The Hidden Benefits of a 4-Day Workweek
For those of us who are ambassadors of a 4-day workweek, we tend to stop at the obvious benefits: the extra day off, the improved mental health, the increase in productivity, the advantages in recruiting and retention. But there are deeper benefits to practicing a 4-day workweek that I’ve experienced at Uncharted: benefits directly connected to equity, inclusion, power dynamics, and voice. Shifting to a 4-day workweek led our entire team to open up new conversations about what was important, what wasn’t, and how we might get better at understanding the relationship between time invested and results generated. Over the last two years, our team has adopted a shared language of what's important that held me accountable as a leader. I’ve felt a heightened sense of responsibility when setting strategy and delegating: was I asking our team to do too much? Was I asking people to spend their hours on endeavors that didn’t directly translate into results?
The 4-day workweek challenges vague top-down norms of what a workweek should be with specific bottom-up data about what inputs lead to the most important outputs, shifting power from boss to employee.

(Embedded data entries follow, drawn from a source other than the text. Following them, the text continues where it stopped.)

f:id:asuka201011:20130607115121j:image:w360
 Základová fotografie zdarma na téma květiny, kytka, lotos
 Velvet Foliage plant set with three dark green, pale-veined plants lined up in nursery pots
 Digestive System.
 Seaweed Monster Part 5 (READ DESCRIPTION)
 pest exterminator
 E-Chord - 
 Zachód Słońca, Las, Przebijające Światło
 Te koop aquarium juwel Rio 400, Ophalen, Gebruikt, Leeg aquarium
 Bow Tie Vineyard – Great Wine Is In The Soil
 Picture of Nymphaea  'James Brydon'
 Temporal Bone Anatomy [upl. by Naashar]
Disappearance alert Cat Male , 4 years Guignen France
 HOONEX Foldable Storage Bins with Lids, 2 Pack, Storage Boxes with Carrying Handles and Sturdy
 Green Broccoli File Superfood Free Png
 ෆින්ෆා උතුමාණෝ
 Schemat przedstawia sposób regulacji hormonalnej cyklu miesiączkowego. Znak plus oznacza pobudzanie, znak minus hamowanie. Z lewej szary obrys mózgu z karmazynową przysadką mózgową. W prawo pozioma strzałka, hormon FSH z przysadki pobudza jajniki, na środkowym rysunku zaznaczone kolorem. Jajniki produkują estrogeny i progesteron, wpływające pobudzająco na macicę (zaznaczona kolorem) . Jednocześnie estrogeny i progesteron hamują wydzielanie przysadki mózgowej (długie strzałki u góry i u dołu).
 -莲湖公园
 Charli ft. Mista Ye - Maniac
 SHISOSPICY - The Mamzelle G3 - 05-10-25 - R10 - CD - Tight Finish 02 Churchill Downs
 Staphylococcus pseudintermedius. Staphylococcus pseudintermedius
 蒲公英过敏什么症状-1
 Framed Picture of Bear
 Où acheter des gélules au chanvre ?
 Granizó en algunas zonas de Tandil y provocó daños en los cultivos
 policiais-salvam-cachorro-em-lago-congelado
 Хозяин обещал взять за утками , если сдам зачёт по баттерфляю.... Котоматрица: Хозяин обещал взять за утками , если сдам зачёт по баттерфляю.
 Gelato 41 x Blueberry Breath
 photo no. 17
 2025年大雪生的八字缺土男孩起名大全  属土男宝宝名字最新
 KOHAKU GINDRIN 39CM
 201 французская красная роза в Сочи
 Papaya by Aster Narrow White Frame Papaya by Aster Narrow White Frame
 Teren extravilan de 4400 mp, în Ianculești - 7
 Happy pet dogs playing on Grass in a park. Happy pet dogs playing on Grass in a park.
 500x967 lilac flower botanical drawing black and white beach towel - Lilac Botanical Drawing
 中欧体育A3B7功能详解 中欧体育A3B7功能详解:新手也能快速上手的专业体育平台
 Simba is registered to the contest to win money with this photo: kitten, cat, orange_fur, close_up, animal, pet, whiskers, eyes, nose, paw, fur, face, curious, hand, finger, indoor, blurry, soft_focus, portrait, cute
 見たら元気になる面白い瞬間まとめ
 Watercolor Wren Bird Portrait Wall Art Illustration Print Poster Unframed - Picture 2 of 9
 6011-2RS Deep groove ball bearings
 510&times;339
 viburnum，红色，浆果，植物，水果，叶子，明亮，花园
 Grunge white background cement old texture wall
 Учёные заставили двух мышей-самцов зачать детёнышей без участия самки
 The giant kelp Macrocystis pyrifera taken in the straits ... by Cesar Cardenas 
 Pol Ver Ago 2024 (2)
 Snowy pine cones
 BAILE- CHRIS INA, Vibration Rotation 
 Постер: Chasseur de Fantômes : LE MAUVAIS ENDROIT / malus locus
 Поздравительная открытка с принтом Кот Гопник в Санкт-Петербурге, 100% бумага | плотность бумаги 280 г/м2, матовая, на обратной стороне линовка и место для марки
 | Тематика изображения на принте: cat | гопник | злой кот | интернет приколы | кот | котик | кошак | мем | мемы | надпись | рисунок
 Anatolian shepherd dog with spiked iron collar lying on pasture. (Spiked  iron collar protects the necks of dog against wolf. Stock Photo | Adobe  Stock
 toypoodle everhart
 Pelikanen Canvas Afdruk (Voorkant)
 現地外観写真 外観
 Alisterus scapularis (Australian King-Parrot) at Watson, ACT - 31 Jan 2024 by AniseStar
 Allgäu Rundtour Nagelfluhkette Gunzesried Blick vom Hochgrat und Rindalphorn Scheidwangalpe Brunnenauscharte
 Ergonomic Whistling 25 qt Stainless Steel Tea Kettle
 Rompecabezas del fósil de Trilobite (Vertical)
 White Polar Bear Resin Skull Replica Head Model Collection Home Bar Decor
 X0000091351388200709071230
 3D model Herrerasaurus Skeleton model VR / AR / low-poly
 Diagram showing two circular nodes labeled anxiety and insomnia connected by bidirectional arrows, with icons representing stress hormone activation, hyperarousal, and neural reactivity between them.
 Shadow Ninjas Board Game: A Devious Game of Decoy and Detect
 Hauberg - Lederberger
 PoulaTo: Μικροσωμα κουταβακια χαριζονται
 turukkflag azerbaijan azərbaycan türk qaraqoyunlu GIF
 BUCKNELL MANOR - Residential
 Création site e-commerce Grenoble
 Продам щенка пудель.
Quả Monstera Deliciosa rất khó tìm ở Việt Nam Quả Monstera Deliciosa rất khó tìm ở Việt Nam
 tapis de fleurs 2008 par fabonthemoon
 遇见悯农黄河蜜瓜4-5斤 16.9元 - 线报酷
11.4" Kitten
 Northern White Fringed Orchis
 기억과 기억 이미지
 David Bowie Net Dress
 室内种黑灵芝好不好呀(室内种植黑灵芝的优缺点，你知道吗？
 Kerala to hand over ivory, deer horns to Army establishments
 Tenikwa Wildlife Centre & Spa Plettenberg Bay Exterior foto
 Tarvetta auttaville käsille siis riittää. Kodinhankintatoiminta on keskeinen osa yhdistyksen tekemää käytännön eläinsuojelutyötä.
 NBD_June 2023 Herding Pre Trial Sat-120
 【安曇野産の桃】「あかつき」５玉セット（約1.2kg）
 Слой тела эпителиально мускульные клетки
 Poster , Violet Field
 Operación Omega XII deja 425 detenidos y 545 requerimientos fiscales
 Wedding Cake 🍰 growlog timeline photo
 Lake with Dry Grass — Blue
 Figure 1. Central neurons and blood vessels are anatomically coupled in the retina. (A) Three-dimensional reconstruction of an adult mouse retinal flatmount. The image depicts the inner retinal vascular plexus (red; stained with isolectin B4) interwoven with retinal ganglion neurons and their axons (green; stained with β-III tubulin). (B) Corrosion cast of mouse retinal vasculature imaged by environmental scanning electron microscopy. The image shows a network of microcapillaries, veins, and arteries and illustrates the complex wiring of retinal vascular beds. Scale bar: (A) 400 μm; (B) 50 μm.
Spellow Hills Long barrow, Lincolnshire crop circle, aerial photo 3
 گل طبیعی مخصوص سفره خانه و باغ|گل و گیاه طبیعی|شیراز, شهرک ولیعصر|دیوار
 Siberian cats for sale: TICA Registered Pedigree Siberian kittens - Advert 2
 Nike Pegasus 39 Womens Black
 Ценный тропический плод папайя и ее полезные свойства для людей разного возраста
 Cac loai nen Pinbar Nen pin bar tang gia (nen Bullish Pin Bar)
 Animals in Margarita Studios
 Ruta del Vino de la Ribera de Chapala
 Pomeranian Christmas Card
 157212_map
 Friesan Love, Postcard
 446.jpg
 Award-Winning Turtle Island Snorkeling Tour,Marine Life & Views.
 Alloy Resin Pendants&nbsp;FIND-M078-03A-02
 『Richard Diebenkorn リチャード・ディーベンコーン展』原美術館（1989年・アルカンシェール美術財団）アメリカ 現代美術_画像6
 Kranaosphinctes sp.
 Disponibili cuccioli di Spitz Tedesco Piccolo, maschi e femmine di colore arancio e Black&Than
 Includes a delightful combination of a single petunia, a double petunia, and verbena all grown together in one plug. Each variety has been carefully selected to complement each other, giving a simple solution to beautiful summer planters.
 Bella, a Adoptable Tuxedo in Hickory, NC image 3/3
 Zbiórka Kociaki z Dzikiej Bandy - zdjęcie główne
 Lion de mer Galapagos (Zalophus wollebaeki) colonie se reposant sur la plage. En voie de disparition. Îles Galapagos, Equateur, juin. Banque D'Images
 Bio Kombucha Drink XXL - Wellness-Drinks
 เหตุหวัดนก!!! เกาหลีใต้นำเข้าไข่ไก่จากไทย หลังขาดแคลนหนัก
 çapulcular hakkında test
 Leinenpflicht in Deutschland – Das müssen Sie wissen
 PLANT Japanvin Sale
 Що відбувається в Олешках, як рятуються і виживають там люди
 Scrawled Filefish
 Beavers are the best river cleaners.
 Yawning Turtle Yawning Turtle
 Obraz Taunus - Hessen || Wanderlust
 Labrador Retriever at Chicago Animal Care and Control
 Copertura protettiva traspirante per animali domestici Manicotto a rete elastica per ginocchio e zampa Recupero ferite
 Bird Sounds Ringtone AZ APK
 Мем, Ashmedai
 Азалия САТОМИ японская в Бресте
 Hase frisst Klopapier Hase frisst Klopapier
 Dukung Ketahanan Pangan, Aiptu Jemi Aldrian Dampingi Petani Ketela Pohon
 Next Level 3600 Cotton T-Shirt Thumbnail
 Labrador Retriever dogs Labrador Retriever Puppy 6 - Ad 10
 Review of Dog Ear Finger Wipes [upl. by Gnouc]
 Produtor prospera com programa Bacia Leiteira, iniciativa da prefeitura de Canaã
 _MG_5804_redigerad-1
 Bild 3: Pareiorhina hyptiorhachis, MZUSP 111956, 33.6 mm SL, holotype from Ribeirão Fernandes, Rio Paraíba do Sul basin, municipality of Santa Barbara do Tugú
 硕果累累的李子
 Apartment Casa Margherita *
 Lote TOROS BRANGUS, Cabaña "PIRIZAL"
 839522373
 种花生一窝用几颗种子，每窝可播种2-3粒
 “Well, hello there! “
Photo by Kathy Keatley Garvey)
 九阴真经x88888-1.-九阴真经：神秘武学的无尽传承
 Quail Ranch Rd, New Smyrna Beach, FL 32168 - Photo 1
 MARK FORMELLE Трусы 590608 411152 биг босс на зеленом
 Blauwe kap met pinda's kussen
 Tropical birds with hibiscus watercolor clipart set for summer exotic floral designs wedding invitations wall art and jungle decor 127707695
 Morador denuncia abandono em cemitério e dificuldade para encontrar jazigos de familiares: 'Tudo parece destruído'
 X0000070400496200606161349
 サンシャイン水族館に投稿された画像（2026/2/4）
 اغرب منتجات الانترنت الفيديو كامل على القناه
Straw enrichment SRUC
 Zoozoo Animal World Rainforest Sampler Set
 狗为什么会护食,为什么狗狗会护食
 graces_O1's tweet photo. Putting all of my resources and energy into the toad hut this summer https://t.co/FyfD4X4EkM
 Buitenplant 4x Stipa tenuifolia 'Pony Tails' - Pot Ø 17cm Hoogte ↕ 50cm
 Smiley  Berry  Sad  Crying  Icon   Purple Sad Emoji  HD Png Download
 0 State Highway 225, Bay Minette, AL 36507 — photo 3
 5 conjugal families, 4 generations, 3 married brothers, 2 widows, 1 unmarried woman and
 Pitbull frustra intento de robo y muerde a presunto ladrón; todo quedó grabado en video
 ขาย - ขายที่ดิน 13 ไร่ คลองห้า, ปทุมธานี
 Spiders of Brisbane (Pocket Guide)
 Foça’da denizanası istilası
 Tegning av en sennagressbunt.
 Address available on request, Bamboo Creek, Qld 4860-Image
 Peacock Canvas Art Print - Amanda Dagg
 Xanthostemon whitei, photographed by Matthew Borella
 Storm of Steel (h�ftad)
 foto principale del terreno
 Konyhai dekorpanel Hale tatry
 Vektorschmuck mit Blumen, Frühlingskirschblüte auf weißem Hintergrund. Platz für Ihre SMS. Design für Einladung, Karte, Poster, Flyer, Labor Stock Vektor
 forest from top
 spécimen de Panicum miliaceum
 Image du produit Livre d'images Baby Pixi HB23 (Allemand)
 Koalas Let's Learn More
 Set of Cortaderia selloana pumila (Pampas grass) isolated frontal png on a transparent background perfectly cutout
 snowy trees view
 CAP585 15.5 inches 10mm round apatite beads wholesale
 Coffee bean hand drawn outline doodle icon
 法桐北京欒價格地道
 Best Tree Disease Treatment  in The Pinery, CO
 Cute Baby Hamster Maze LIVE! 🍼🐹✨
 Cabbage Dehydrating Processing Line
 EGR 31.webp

This is an under-investigated benefit of the 4-day workweek: when you adopt shared vocabulary around the need to prioritize and deprioritize, you flatten hierarchies and create opportunities for expanded voice. The other ancillary benefit to a 4-day workweek is how it shifts the conversation from working hard and long to working smart. Every time we reinforce the belief that working hard is a badge of honor in our work culture, we reinforce our inability to ever break free from working hard. When we shift from a paradigm of working hard into a paradigm of working smart, we set ourselves free from a work culture that subordinates our lives beneath our work.